Senior Manager, Internal Audit IT
About the role
The Senior Manager, Internal IT & Security Audit leads Coinbase's global IT and security audit program. Reporting to the Head of Internal Audit, this role operates within an independent third line of defense accountable to the Audit Committee. Key responsibilities include owning the multi-year IT and security audit roadmap, leading a global team, shaping executive-level reporting, and partnering with technology and security leaders.
Responsibilities
- Own the end-to-end delivery of complex, cross-functional IT and security audits covering cloud infrastructure, security operations, identity and access management, data protection, vendor/third-party risk, and key products and services.
- Lead and develop a high-performing global team of internal auditors and co-sourced resources, setting goals, coaching talent, managing performance, and building succession pipelines across regions.
- Drive integrated assurance across the three lines of defense by partnering with first and second line risk, compliance, security, and technology teams to rationalize testing and maximize control coverage.
- Shape executive-level reporting on technology and security control effectiveness, distilling key themes, emerging risks, and root causes into clear materials for senior management, the Head of Internal Audit, and the Audit Committee.
- Partner with technology and security leadership across Engineering, Security, Infrastructure, and Product to provide independent challenge on major initiatives (e.g., cloud migrations, new product launches, architecture changes) without compromising third-line independence.
- Build continuous improvement into the audit function by driving adoption of data analytics, automation, and generative AI to modernize IT and security audit execution, including continuous monitoring and automated evidence retrieval.
Requirements
- 12+ years of experience in internal audit with deep focus on IT and information security, or in first-line / second-line technology/security roles with significant controls and audit exposure.

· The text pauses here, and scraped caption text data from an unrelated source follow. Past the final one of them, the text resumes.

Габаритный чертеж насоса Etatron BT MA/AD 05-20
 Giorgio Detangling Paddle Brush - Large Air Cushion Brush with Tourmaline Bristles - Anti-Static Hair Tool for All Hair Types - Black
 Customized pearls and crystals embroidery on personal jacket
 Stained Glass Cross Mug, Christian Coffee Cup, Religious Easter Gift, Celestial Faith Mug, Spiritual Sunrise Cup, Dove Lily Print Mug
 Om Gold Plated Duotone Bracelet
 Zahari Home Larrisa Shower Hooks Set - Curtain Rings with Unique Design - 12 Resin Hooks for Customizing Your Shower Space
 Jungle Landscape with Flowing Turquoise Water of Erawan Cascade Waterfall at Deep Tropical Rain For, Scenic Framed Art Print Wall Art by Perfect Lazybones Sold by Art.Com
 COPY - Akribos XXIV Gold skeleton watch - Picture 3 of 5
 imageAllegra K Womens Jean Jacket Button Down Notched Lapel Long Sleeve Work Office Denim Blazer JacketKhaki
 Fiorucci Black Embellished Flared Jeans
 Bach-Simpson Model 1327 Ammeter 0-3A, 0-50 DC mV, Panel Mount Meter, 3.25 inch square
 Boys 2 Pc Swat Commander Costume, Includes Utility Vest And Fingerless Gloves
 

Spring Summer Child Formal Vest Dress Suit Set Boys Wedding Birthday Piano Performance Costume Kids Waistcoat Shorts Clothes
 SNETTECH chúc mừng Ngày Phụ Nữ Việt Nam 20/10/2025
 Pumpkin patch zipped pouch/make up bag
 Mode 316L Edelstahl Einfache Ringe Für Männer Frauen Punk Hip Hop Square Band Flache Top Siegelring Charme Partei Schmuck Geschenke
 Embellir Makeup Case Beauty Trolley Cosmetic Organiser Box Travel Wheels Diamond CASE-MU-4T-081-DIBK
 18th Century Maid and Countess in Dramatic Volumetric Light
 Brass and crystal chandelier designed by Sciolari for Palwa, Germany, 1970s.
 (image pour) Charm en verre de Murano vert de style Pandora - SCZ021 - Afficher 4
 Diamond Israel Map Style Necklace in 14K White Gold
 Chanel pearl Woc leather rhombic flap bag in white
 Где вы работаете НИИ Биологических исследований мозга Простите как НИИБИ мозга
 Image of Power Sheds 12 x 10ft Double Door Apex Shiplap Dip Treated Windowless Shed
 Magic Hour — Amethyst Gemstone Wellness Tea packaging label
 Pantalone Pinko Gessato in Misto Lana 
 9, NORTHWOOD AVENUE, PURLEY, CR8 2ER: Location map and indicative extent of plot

- Demonstrated success leading global, cross-functional IT audit portfolios spanning cloud, infrastructure, cybersecurity, and third-party risk across multiple regulatory jurisdictions (US, EMEA, APAC).
- Deep technical knowledge of cloud-based technology stacks, software development lifecycles, cloud security configurations, and enterprise IT operations risks and controls.
- Relevant professional certifications (e.g., CISA, CISSP, CIA, CPA) and working fluency with frameworks such as NIST, COBIT, and ITIL.
- Proven leadership experience building, mentoring, and managing global audit teams, including co-sourced resources and indirect reports across time zones.
- Utilizes generative AI responsibly, maintaining human oversight to deliver business-ready outputs and drive measurable improvements in workflow efficiency, cost, and quality.
Qualifications
- Experience with frameworks such as NIST, COBIT, and ITIL.
- Working fluency with relevant professional certifications (e.g., CISA, CISSP, CIA, CPA).
- Leadership experience building, mentoring, and managing global audit teams, including co-sourced resources and indirect reports across time zones.
- Utilizes generative AI responsibly, maintaining human oversight to deliver business-ready outputs and drive measurable improvements in workflow efficiency, cost, and quality.
Skills
- Generative AI responsible usage.
- Leadership in global audit teams.
- Technical expertise in cloud-based technology stacks, software development lifecycles, cloud security configurations, and enterprise IT operations risks and controls.
Benefits
Base salary varies by location (see range below). Total compensation may also include equity and bonus eligibility, and benefits (medical, dental, vision, 401(k)).
Pay
Annual base salary range (excluding equity and bonus): $201,365 USD - $236,900 USD
Schedule
Remote-first, with quarterly in-person working sessions called “surges.”